Microsoft-Yahoo Search Deal: And Then There Were Two And A Half

Microsoft and Yahoo! announced today that the former's new Bing search engine would now run the latter's search capability.  And, Yahoo! will sell paid search campaigns for the combined capability.  At least for starters, this means Google owns two thirds + of pro forma search volume (per Comscore), and MSFT+YHOO own the other third.  

Yahoo! had no choice but to accept colonization by Microsoft, as its own search technology was going nowhere.  Similarly, Microsoft had to do this deal with Yahoo because in today's tough market (even paid search is seeing only low single digit growth), it couldn't afford to divide its sales force to fight Yahoo in the face of their shared, colossal foe.

It will be interesting to see how much search volume sticks with / moves to each.  I'm guessing there is a curiosity factor that has Bing volume temporarily high, but that Google will hold serve, since Bing's advantages seem concentrated in some commerce-oriented niches.  (Here's a wacky idea though:  Microsoft could reverse one important structural disadvantage with a pre-emptive bid to embed Bing by default in Firefox, when Mozilla's current deal with Google expires in 2011.  Maybe not so wacky if, following long-term trends, IE's browser share drops close to 50% by then, and Google chooses to focus on Chrome.)
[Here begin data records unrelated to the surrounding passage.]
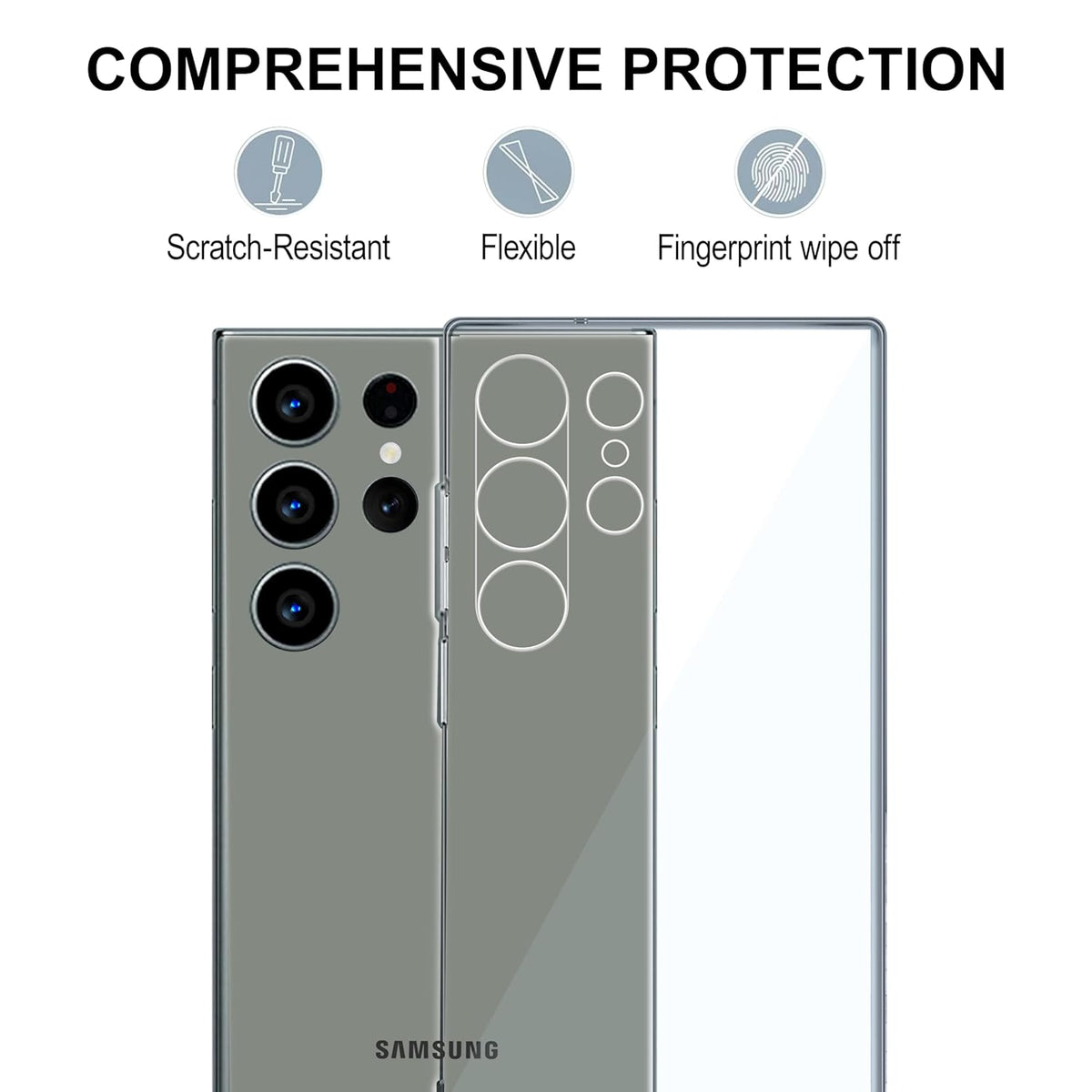 Crystal Clear Slim Design Anti-Yellow Durable Protection Case for Samsung S Series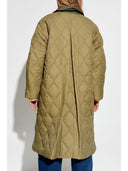 Ganni Quilted Midi Coat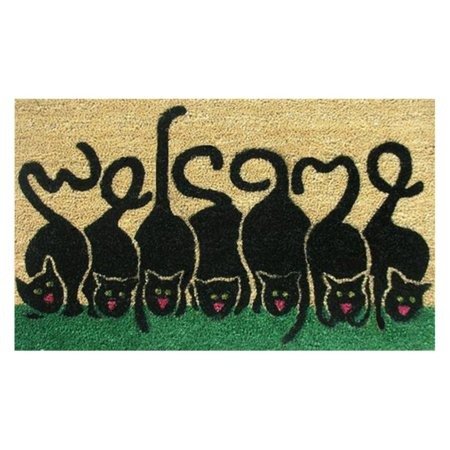 Wildon Home Cats Welcome Doormat
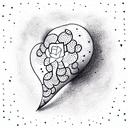 Crying Heart tattoo design idea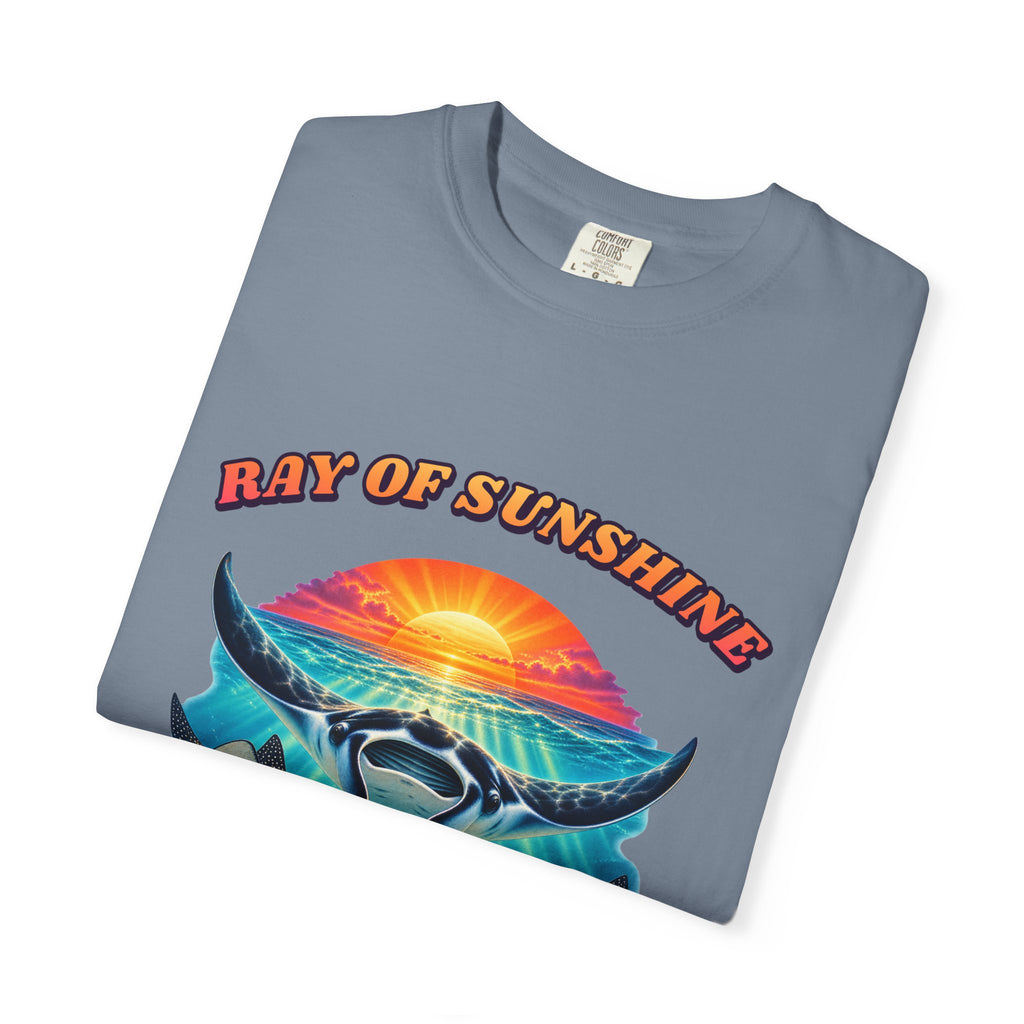 Ray Of Sunshine Stingray Shirt | Manta Ray Bootleg Tee | Comfort Colors T-Shirt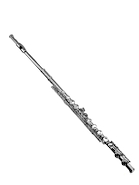 HEIMOND 6456N - Nickel Plata Flauta Traversa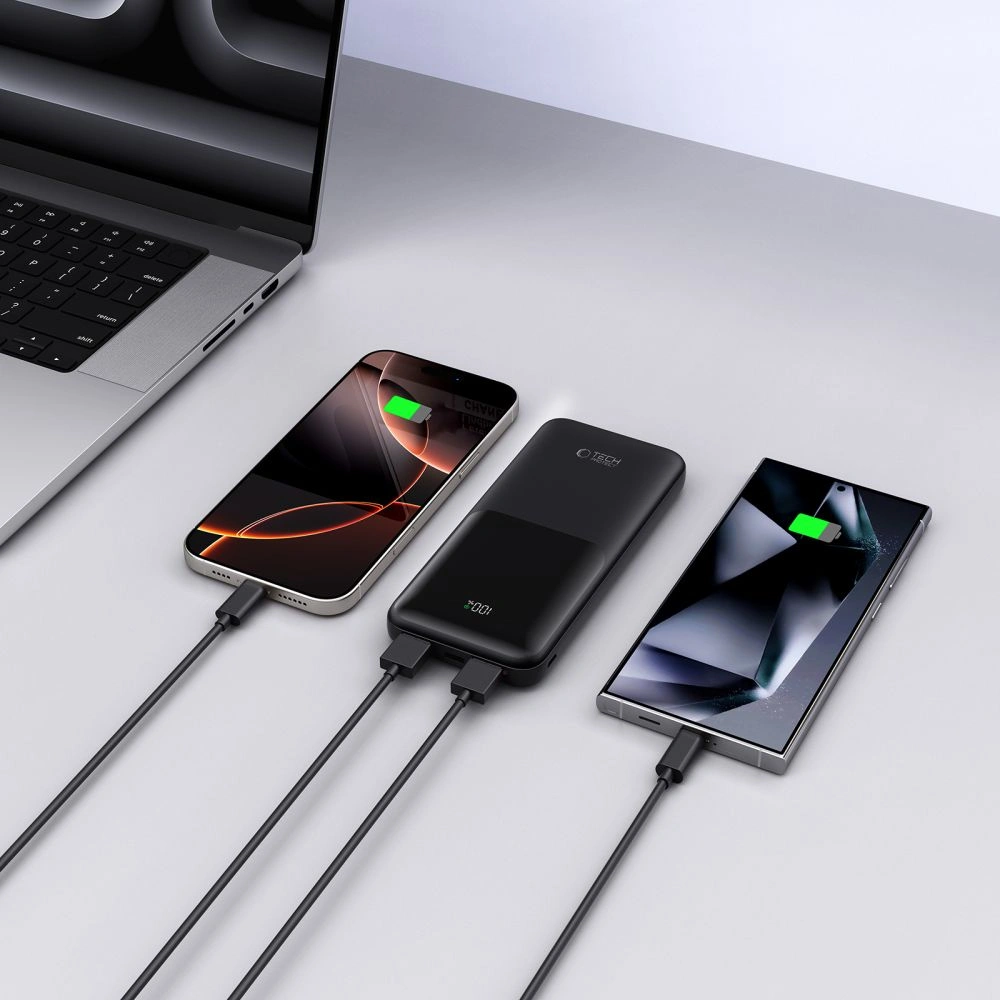 Tech-Protect PB01 Powerbank 10000mAh 22.5W Black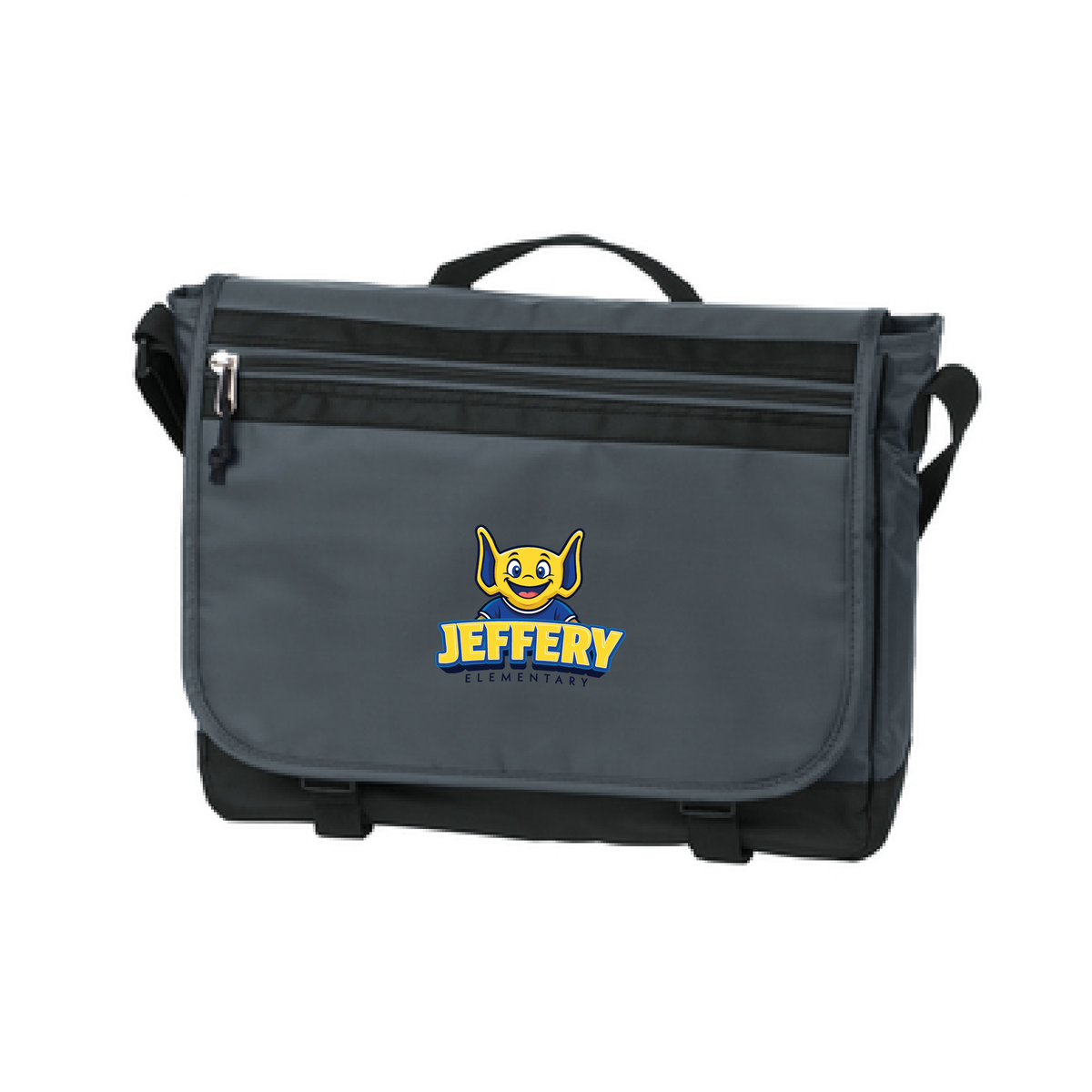 Jeffery Nailhead Messenger Bag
The other reason for this deal is for each side to achieve a critical mass of search volume to usefully inform display ad targeting.  Display ad networks have been a surprisingly profitable business, even in tough times (see also for example NET income for VLCK in Q1 of this year).  And the tip of the spear in the trend toward multi-channel optimization of marketing spend has been attribution analysis between search and display channels ("To what degree is a search triggered by display ad exposure, and how can we better target display ads to behaviorally-defined user segments across a network based on their search history?").  So, this deal would seem to be as much about shoring up each side's profit centers as it would be about huddling for warmth in the paid search world.

Given the complexities of having Yahoo! take over Bing sales and operations (through AdCenter), folks at Google should make hay in the short term, since their opponents will be distracted and the transition will create work for customers that arguably doesn't add much value either.  Hopefully, much of this complexity can be absorbed for advertisers by their search agencies, and hopefully they can get paid for some of that.
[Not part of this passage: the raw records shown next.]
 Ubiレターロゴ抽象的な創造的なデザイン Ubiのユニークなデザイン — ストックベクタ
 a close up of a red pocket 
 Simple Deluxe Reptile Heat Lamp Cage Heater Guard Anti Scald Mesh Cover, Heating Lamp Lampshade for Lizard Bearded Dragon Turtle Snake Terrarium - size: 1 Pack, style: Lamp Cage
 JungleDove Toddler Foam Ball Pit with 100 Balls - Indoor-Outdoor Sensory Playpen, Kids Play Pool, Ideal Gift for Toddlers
Notwithstanding interesting riffs on top of the established platforms, and newcomers that are useful in niches, this consolidation is further proof of the diminishing returns to innovation in search as we know it, that is, indexing and ranking unstructured content.  The next big wave of disruption in this category won't happen until we have radical change in the nature of the stuff being searched -- specifically, the advent of "Semantic Web" standards that will structure the underlying data in useful ways.  

It will be interesting to see how The Big Two And A Half left in search react to the propagation of open standards that could level the search playing field.  If the DOJ wants to fight the Search Trusts, perhaps its money is better spent on seeding and supporting those efforts than undoing what nature hath already wrought.